Core Concepts
QDA-SQL is a novel data augmentation method that improves the performance of Large Language Models (LLMs) on multi-turn Text-to-SQL tasks by generating diverse and challenging training samples, including ambiguous and unanswerable questions.
Stats
The researchers generated 10,874 dialogues, consisting of 65,393 turns, using the QDA-SQL framework.
The SQL generated in the enhanced dataset demonstrated greater tree depths compared to the original dataset, indicating the generation of more complex queries.
Manual review showed that Gemini Pro accurately identified 94% of the misclassified samples during the "Verify and Refine" process.
Evaluation using GPT-4 indicated that 62% of the QDA-SQL enhanced dataset was considered superior to the manually annotated original SParC and CoSQL training sets.
Models fine-tuned with the augmented dataset showed significant improvements in QM, especially for questions with higher difficulty levels.
The enhanced training dataset led to marked improvements in QM for multi-turn dialogues across various difficulty levels.
Models trained with QDA-SQL equipped with Intent Recognition samples achieved an average F1 score of 57.8 on intent recognition tasks.
Removing the Verify state in the StateFlow model resulted in lower AccS and IAccS values and higher error rates.
Removing the Intent Recognition state led to reduced IAccS, particularly for questions not answerable using SQL.

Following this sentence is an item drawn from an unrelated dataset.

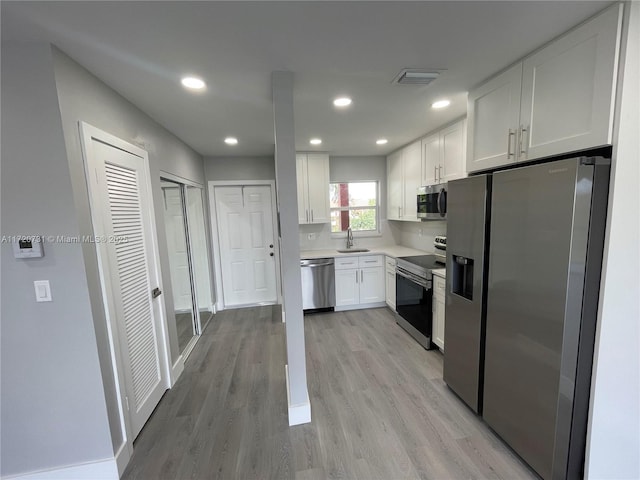 kitchen featuring sink, light wood-type flooring, tasteful backsplash, white cabinetry, and stainless steel appliances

Error analysis revealed that the fine-tuned CodeLlama model demonstrated the lowest error rate, with a marked reduction in logical and database comprehension errors compared to GPT-4 and the unfine-tuned CodeLlama.
Quotes
"Existing approaches predominantly focus on enhancing the SQL generation ability of LLMs, without consideration of multiple types of questions. This may result in incorrect responses for questions that cannot be answered using SQL."
"Our research endeavors to leverage LLM to refine data augmentation for Text-to-SQL by generating a more diverse and natural set of training samples, thereby enhancing their practical applicability."
"By formatting the dataset to align with the states in the StateFlow model, we ensure logical coherence and effective training."